THE TASK:
Could you write out, exactly as they stand, only the lines in the listing below from the line with "It started out" to the line with "Hi, my name", both ends included, without the pictures?

PROVIDED MATERIAL:
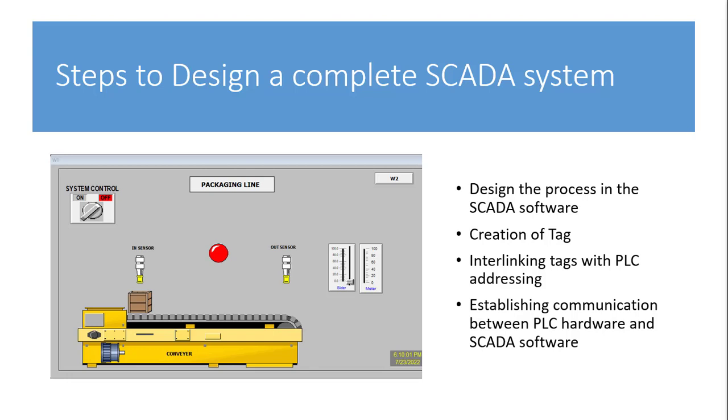So there are various types of SCADA software. We have WinCC, WinCC flexible. We have SCADA software for Allen Bradley PLC. We have SCADA software for ABB PLC. Many different SCADA software.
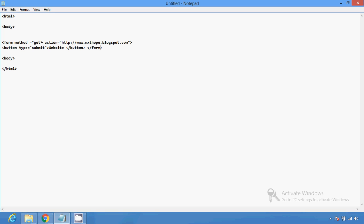To get the response of this website, then create an action — where, after the click of the button, where it will direct me. So www.nextop.blogspot.com — it will redirect me to that site.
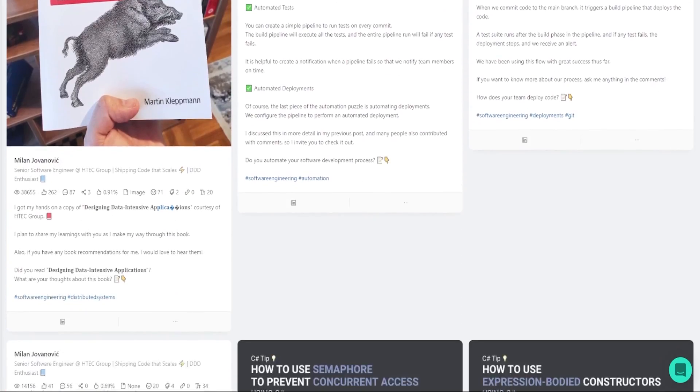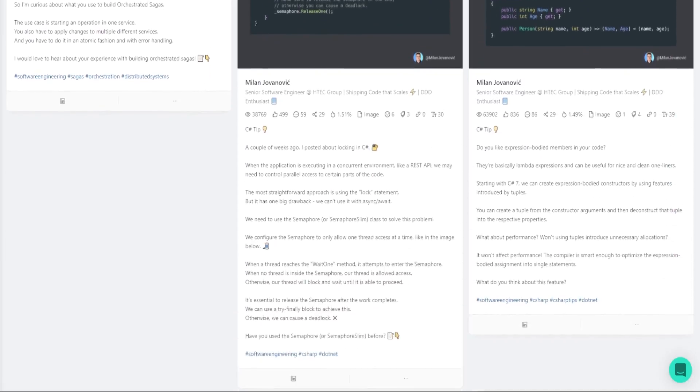It started out as a series of tips around C-sharp. These were small how-to themed coding snippets, and over time I evolved into talking about software engineering and software architecture in general. I also talk about performance optimizations, database optimizations — anything that is related to writing and creating good software applications.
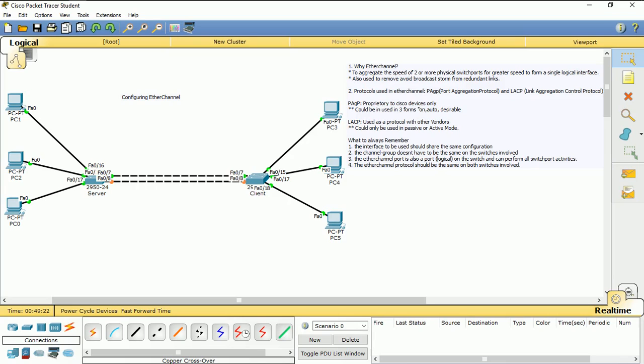Hi, my name is Shia Kelly De. I'd like to welcome you to my Cisco training. In this training, I'll be demonstrating to you how to configure EtherChannel.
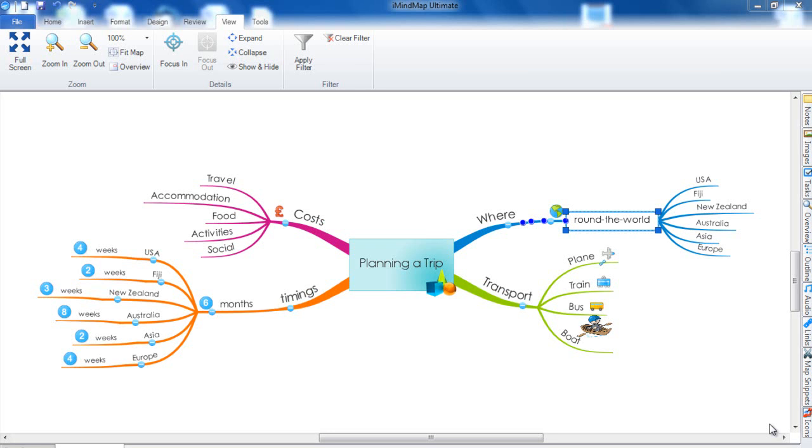There are many uses for this feature. For example, you could use it to test yourself during revision. You can collapse your branches and then ask yourself a question from the map, then you can reveal the answer by expanding the branch that has the answer contained on it.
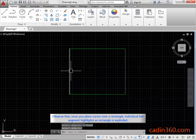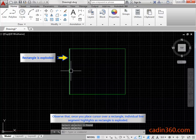Observe that once you place cursor over a rectangle, individual line segments highlight as the rectangle is exploded.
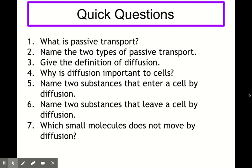Now we're moving on, leaving diffusion behind and looking at our second type of passive transport — osmosis — which we'll be looking at in the next video. If you feel you've understood diffusion well enough, you can move on now and watch the video Unit 1, Key Area 2, Part 2B.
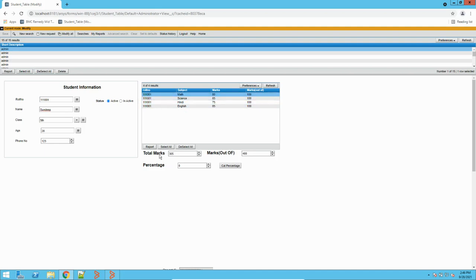So with the roll number, this is my total marks which is 305. And similarly, I have this marks out of field, which is the maximum marks a student can score. When modifying the record, it calculated total marks and also the marks out of — the sum of each respective column.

TASK OUTPUT:
It started out as a series of tips around C-sharp. These were small how-to themed coding snippets, and over time I evolved into talking about software engineering and software architecture in general. I also talk about performance optimizations, database optimizations — anything that is related to writing and creating good software applications.
Hi, my name is Shia Kelly De. I'd like to welcome you to my Cisco training. In this training, I'll be demonstrating to you how to configure EtherChannel.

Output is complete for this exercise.